Protestantism

Protestantism represents the second largest strand of Christianity when taken as a whole, counting 593 million Protestants across the world. However, Protestantism is not a single church or communion but a diverse spectrum of independent communions and theologies, including Lutheranism, Methodism, Presbyterianism, and Anglicanism. Protestantism was born out of the Protestant Reformation (1517-1648), a movement against certain practices and teachings of the medieval and early modern Catholic Church led most notably by Martin Luther (1483-1546) and John Calvin (1509-1564). Three fundamental principles unify all strands of Protestantism: the doctrine of sola scriptura (“by scripture alone”) holds that the Bible alone is the sole judge and guide for any Christian faith and teaching; sola fide (“by faith alone”) teaches that the believer is justified only by his or her faith in Jesus Christ, not earned by good works, which are considered to be evidence of faith; and the doctrine of the universal priesthood of believers teaches that all Christians, not just ordained clergy, have the right and the duty to understand and interpret scripture.

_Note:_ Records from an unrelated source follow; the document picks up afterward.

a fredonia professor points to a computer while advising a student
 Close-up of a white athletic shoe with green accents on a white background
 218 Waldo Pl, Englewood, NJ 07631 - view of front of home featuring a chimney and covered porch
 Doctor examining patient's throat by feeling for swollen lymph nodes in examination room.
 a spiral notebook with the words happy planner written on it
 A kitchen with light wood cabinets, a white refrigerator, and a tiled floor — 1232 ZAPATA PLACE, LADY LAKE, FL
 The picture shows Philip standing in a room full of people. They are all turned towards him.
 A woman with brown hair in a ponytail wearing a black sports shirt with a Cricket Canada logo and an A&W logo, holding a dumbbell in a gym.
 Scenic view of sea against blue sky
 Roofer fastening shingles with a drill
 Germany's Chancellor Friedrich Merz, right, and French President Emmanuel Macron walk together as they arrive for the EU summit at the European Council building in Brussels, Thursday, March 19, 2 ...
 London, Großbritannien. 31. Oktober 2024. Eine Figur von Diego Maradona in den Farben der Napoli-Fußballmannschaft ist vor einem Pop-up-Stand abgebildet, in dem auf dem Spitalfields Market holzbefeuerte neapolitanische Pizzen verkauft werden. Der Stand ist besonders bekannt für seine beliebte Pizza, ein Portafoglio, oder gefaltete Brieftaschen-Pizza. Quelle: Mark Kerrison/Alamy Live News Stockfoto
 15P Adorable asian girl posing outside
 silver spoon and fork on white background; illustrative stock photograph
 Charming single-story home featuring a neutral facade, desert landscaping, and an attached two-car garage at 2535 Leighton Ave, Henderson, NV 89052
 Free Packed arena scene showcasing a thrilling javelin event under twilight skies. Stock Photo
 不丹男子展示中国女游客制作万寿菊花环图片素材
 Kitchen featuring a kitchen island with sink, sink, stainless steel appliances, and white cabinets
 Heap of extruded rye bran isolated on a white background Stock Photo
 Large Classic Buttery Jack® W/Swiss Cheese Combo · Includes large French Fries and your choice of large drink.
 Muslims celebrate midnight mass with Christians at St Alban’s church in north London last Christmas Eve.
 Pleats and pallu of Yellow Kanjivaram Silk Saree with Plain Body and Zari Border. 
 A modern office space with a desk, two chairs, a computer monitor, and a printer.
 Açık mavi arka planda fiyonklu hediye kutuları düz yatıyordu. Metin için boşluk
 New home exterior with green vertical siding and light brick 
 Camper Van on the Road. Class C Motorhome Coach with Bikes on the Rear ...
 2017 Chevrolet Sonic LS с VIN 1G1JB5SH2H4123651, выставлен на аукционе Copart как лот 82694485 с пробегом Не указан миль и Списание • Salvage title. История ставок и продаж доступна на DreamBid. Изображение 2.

The Protestant Reformation forever changed the face of Christianity as well as the course of Western history. The religious diversity created by the rise of Protestantism did much to shape modern religiopolitical principles like religious freedom and the separation of Church and State. Protestant values have also inspired much human rights advocacy, as demonstrated by Martin Luther King Jr. during the African-American Civil Rights Movement (1955-1968). The growth of secularism during the latter part of the twentieth century has led to a drop in Protestant numbers across Europe and North America, Protestantism’s historical strongholds. Conversely, Protestantism is on the rise throughout historically Catholic Latin America due to intense missionary efforts, particularly among Evangelical Christians.